> [Exercise directions]: Leave out the pictures and set down the rest of the listing below word for word.

> [Provided records]:
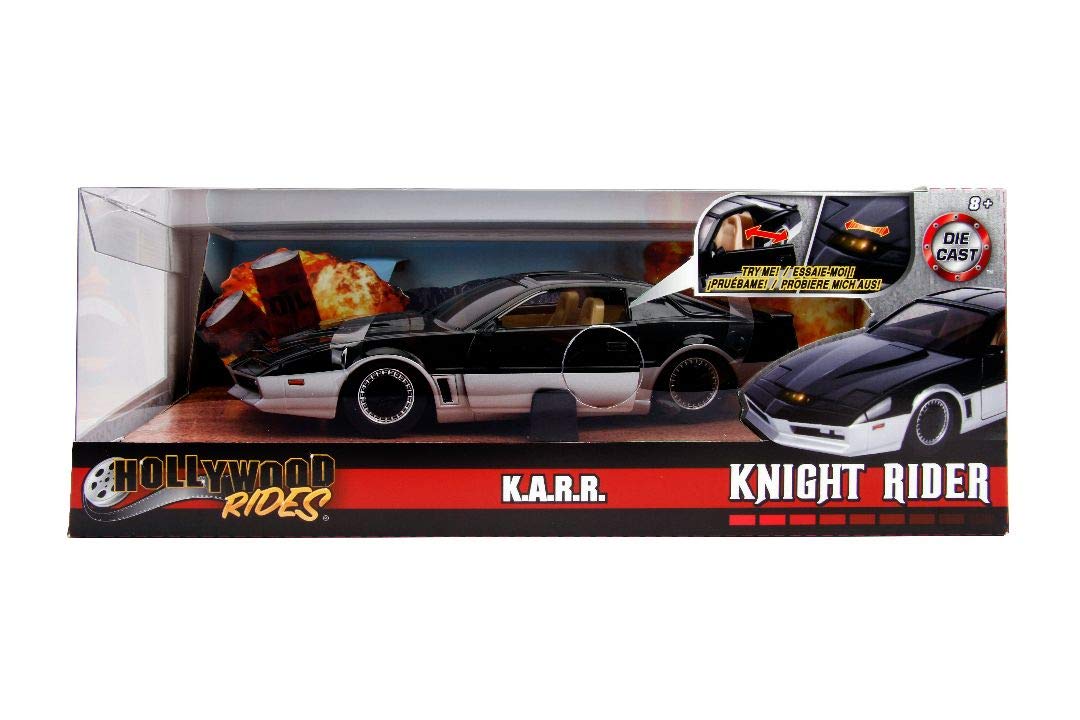 Veículo Fundido Sob Pressão Jada Toys Hollywood Rides Knight Rider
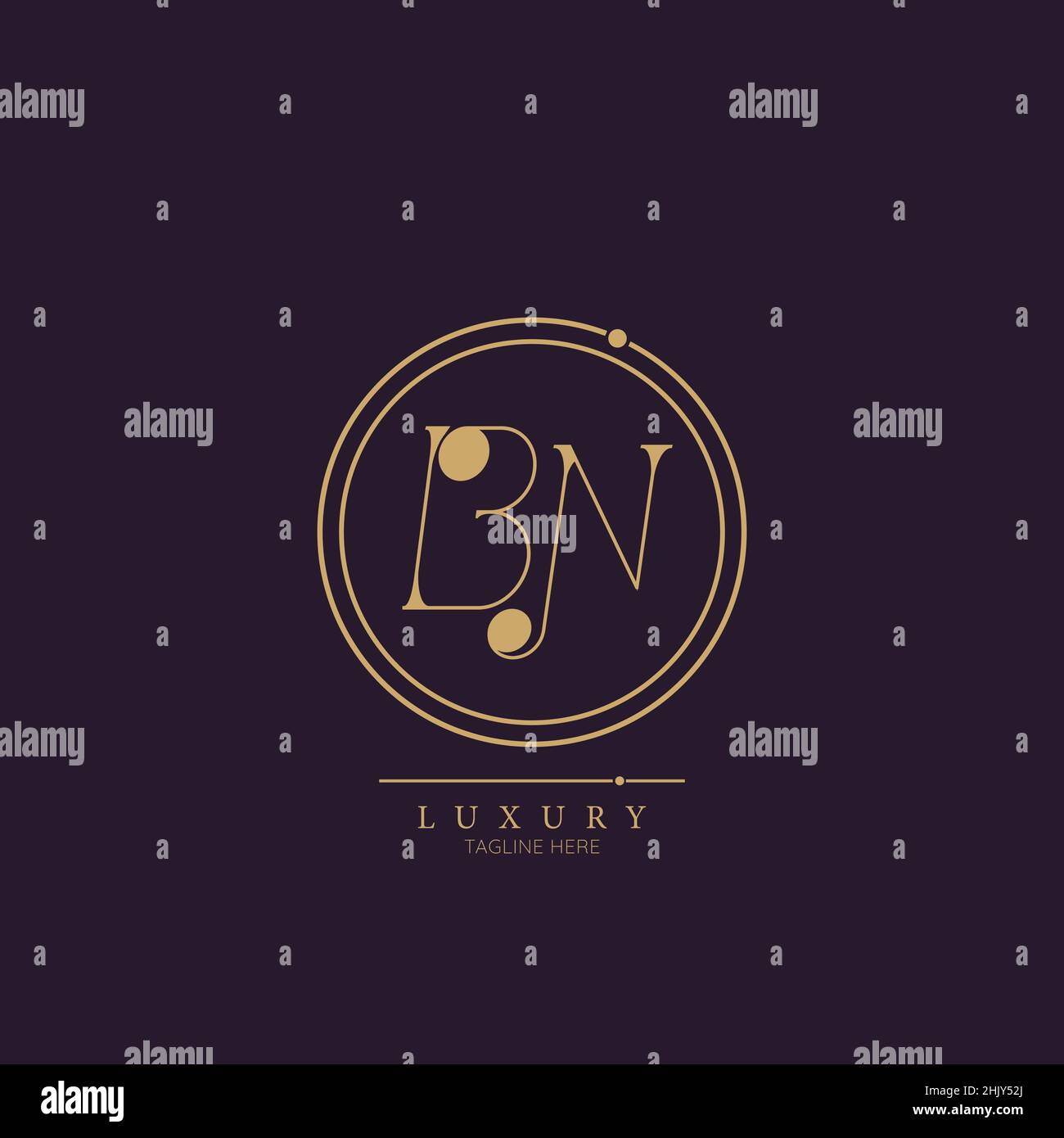 Unique modern BN Letter Business Logo Design Alphabet Icon Vector ...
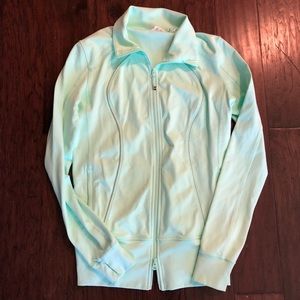 Pale mint green lululemon athletic jacket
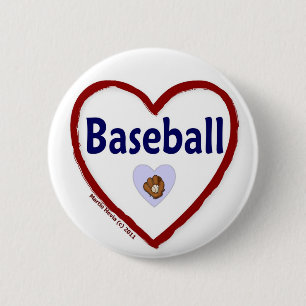 Kärlek Baseball Knapp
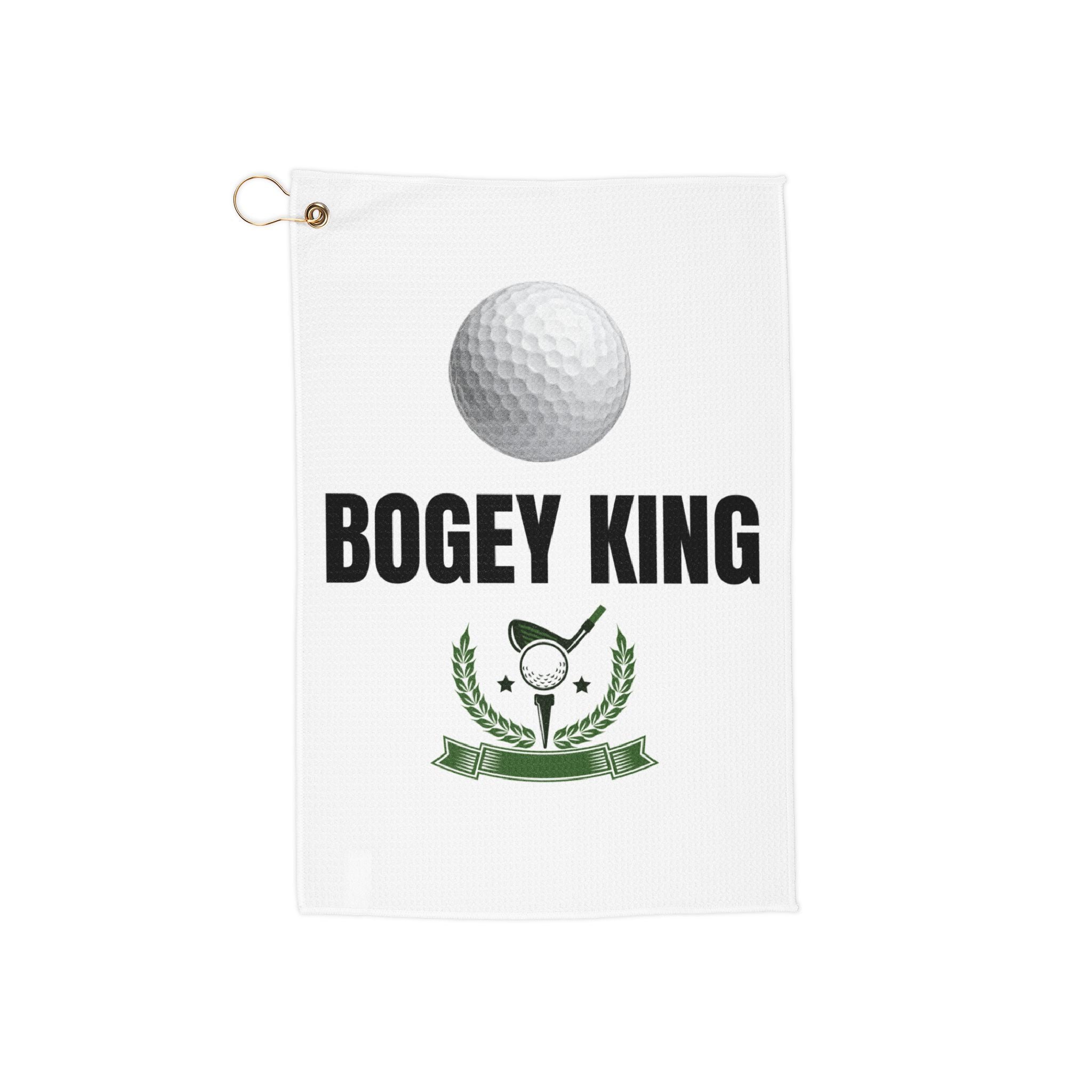 Bogey King Golf Towel – Funny Golf Gift, Novelty Clubhouse Towel with Ball Graphic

> [Exercise solution]:
 Veículo Fundido Sob Pressão Jada Toys Hollywood Rides Knight Rider
 Unique modern BN Letter Business Logo Design Alphabet Icon Vector ...
 Pale mint green lululemon athletic jacket
 Kärlek Baseball Knapp
 Bogey King Golf Towel – Funny Golf Gift, Novelty Clubhouse Towel with Ball Graphic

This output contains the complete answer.